Additionally, several students acknowledged the intended goal of standardized tests—to provide a uniform measure of learning across diverse groups—yet critiqued how inconsistent curricula and quality of teaching across regions or schools undermine these tests’ legitimacy.
Some students mentioned that teachers may “teach to the test,” potentially narrowing real learning. Others noted that while standardized tests can offer snapshots of certain skill sets (e.g., reading comprehension, math problem-solving), they do not account for soft skills like creativity, critical thinking, perseverance, or collaboration.
Through quantitative clustering (k-means on text embeddings), we identified five distinct sentiment clusters. Each cluster underscored a dimension of test fairness or unfairness, whether focusing on lack of accommodations, the emotional toll of testing, or questions of curricular alignment.
While most respondents leaned toward viewing standardized tests as unfair, a few recognized partial benefits—such as establishing consistent benchmarks or catching learning gaps early.

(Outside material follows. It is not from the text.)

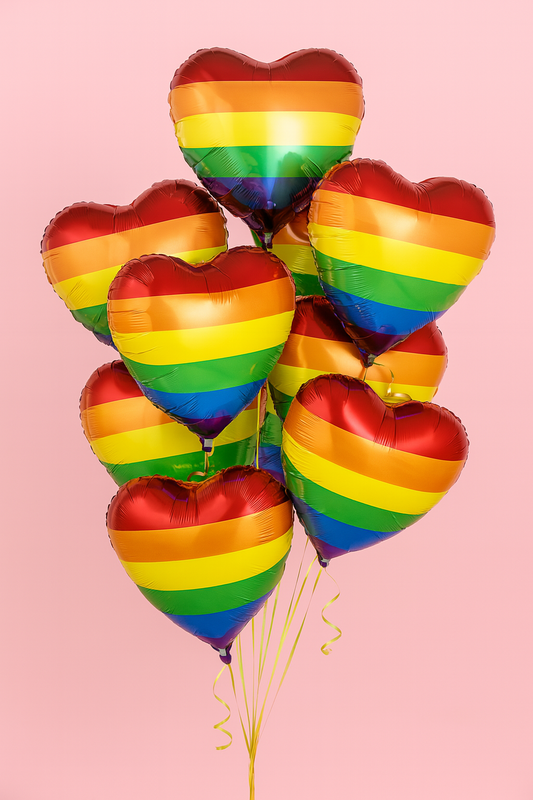 Rainbow striped heart shaped foil balloons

Visual inspection of word frequency (through word clouds and bar charts) confirmed that terms like fair, resources, anxiety, and inequitable appeared frequently. These high-level trends match the primary student concerns about inequities in resources and the stress involved. Additionally, references to language barriers, pressure, and preparation suggest that students from non-English-speaking or low-income backgrounds feel disproportionately disadvantaged.

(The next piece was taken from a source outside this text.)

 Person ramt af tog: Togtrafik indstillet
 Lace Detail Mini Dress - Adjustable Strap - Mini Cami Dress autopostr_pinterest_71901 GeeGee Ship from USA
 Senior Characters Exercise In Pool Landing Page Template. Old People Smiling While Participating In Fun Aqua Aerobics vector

Overall, the consensus is that standardized tests do not fully account for students’ varied backgrounds, learning styles, and resources. The voices collected emphasize the pressing need to reevaluate how we measure academic performance, calling for more nuanced, equitable, and flexible approaches that capture the breadth of student learning.
(I loved this assignment)
I chose a clustering approach (k-means on text embeddings) with qualitative thematic analysis, because it balances data-driven insights with the nuances of individual student perspectives. The strength of this approach lies in its ability to group similar responses objectively while still capturing the depth of personal experiences. Visualizations like word clouds and frequency charts helped identify common concerns (e.g., anxiety, inequity, and resources) at a glance, reinforcing thematic findings. The results aligned with expectations—most students viewed standardized tests as unfair—but I was surprised by how frequently language barriers and test anxiety were mentioned as major disadvantages. Additionally, while most responses were negative, a few students acknowledged potential benefits, showing a more nuanced debate than anticipated.